Flow Matching : 101
👋 Introduction
I usually write about my own “projects” or ideas here, but this time I wanted to do something a bit more educational. Lately, I’ve been working on models that incorporate — or entirely rely on — the idea of Flow Matching, and I’ve grown to really enjoy this class of models. So I figured I’d write a short and (hopefully 🤞) approachable overview of how they work.

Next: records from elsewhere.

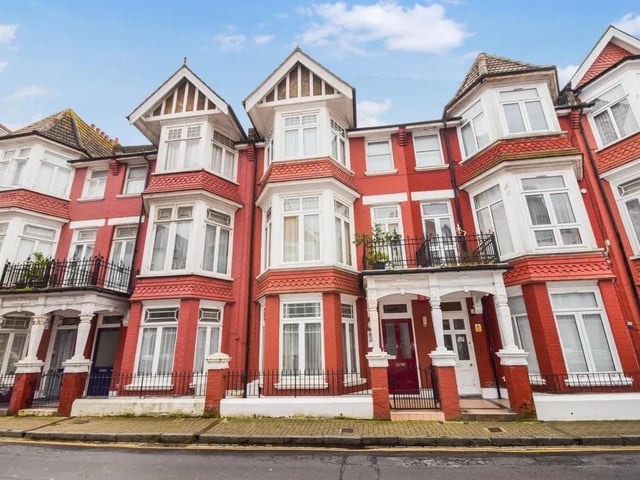 Elms Avenue, Eastbourne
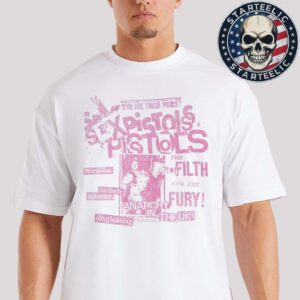 Sexpistols Bundle The Filth And The Fury 25th Anniversary Unisex T-Shirt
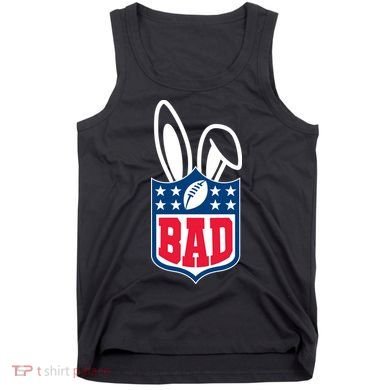 Bunny Bowl Football Fan Tank Top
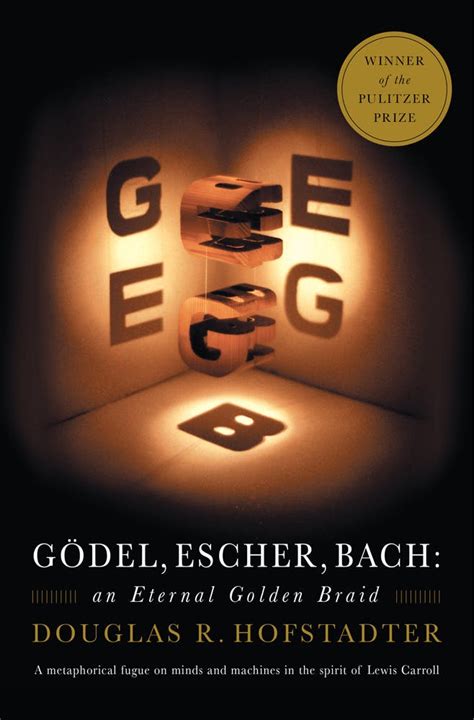 Read Godel Escher Bach An Eternal Golden Braid 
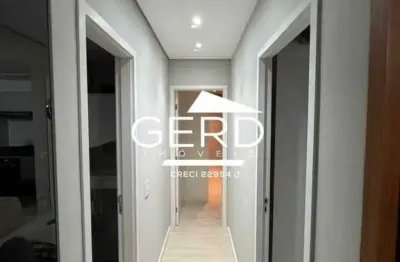 Apartamento para venda em continental de 62.00m² com 2 quartos, 1 suite e 2 garagens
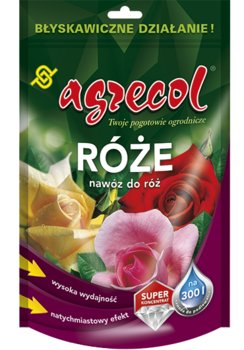 Nawóz do róż AGRECOL 300g - Agrecol
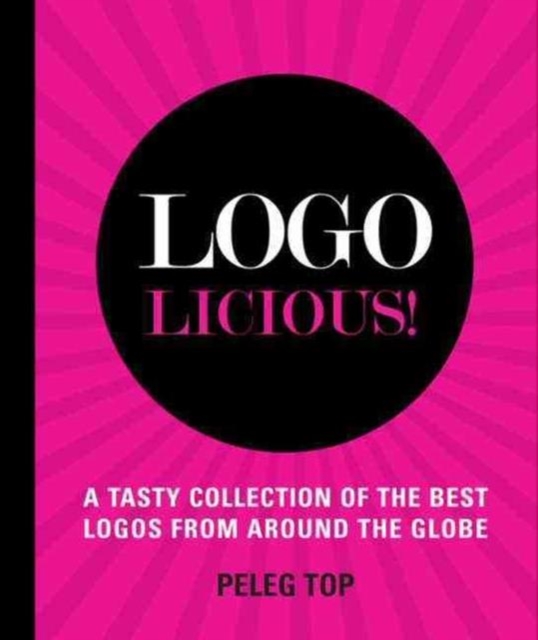 Logolicious, Paperback / softback Book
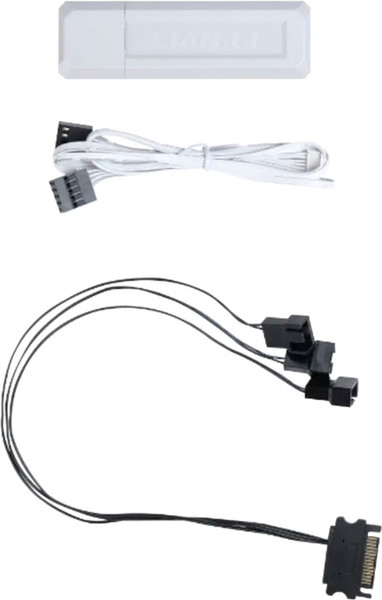 Изображение товара Контроллер вентиляторов Lian Li L-Wireless Controller G89.RF-T-W.01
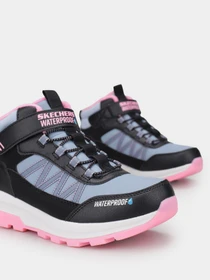 Ботинки и сапоги Skechers STORM BLAZER модель 303493L BKLP Фото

We’ll keep things simple and structure it as follows:
- Theory
- Implementation
- Example
This isn’t meant to be a comprehensive deep dive — just a compact introduction to the core ideas behind flow matching and how they’re put into practice.
A Brief Bit of Theory
The idea behind flow matching (FM) follows that of most current generative strategies: “We want to sample from distribution $p$, but this is hard, so instead we will sample from distribution $q$ (easy) and transform the output into a sample of $p$.”
In denoising diffusion models, we do this by learning how to remove Gaussian noise one step at a time; in (discrete) normalizing flows, we use invertible transformations to map samples from a simple base distribution $q$ (e.g. a standard Gaussian) into samples of the complex target distribution $p$, while being able to compute exact likelihoods through the change-of-variables formula.

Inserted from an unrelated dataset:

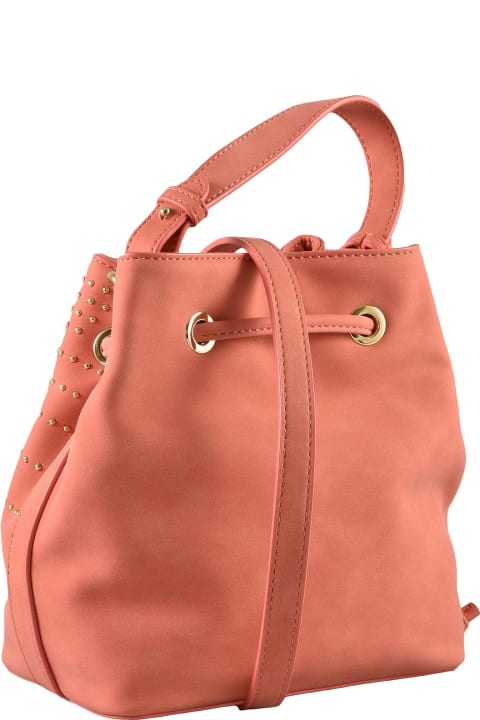Women's Coral Handbag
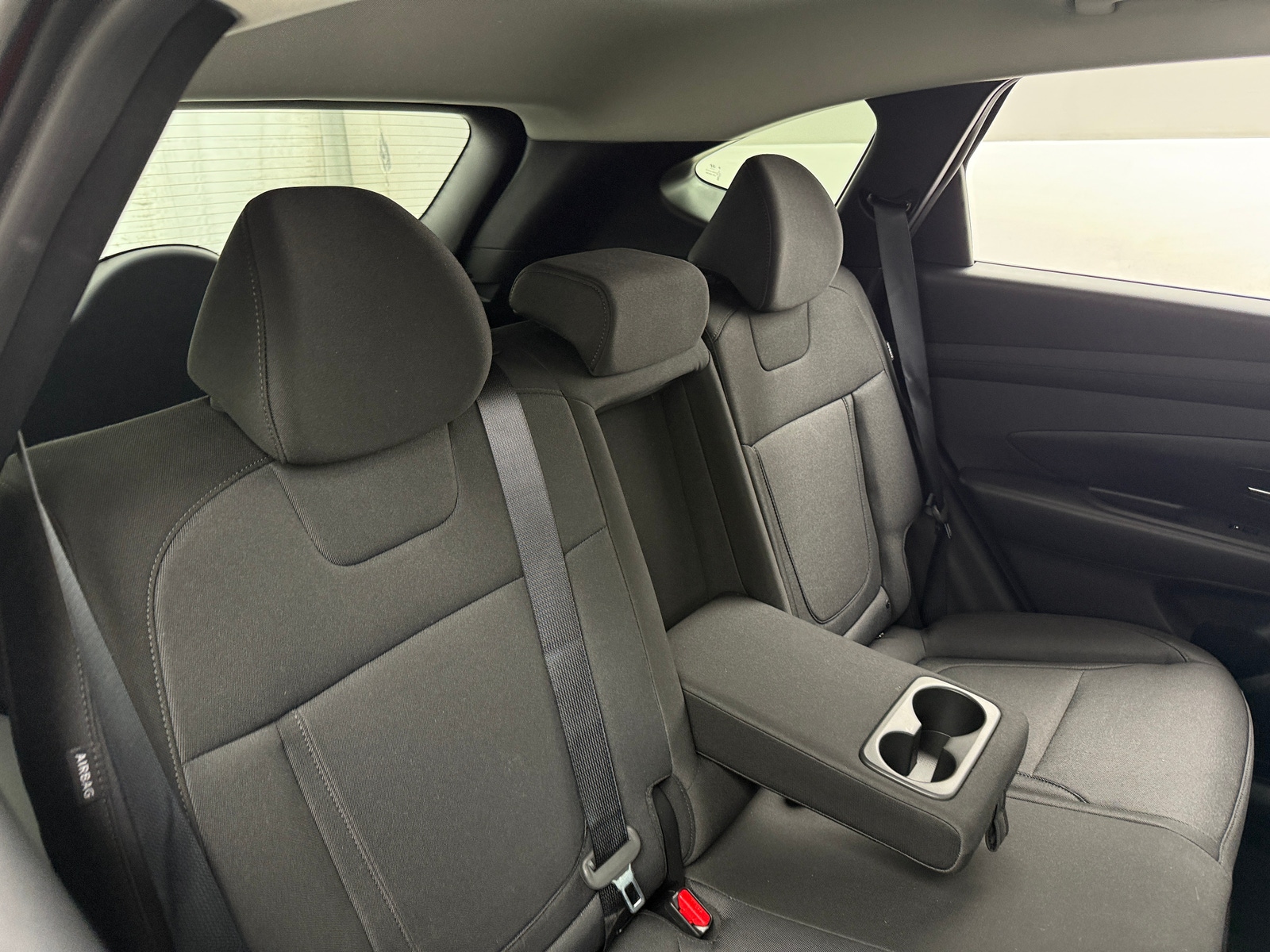 Thumbnail: 2025 Hyundai Tucson - 6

Flow matching takes this idea further: instead of explicitly parameterizing an invertible map, it defines a continuous flow between $q$ and $p$, and learns a vector field that describes how samples move along this path.
–
If you’re from an engineering background, you’re probably already familiar with vector fields — if not, imagine leaves drifting in a river 🍃 🌊. Each point in the river has its own current, with a direction and a speed. The vector field is the map of these currents: drop a leaf anywhere, and it tells you where it will move next and how fast. By following these directions over time, you can trace the entire trajectory of the leaf until it hits the bank downstream.
More formally, we write:
$$ \frac{d x_t}{d t} = v_t(x_t), $$where $x_t$ would be the position your leaf at time $t$ and $v_t$ is the vector field describing the current. If you drop a leaf at position $x_0$ and let it flow for $t$ time units, your new position $x_t$ can be calculated by integrating the vector field over time:
$$ x_t = x_0 + \int_0^t v_\tau(x_\tau) \, d\tau. $$Imagine dropping a bunch of leaves upstream and watching them drift along the river. If you knew the exact vector field — the local currents at every point — you could predict (using the above equation) where each leaf would end up. In fact, you can predict the full distribution of leaves downstream.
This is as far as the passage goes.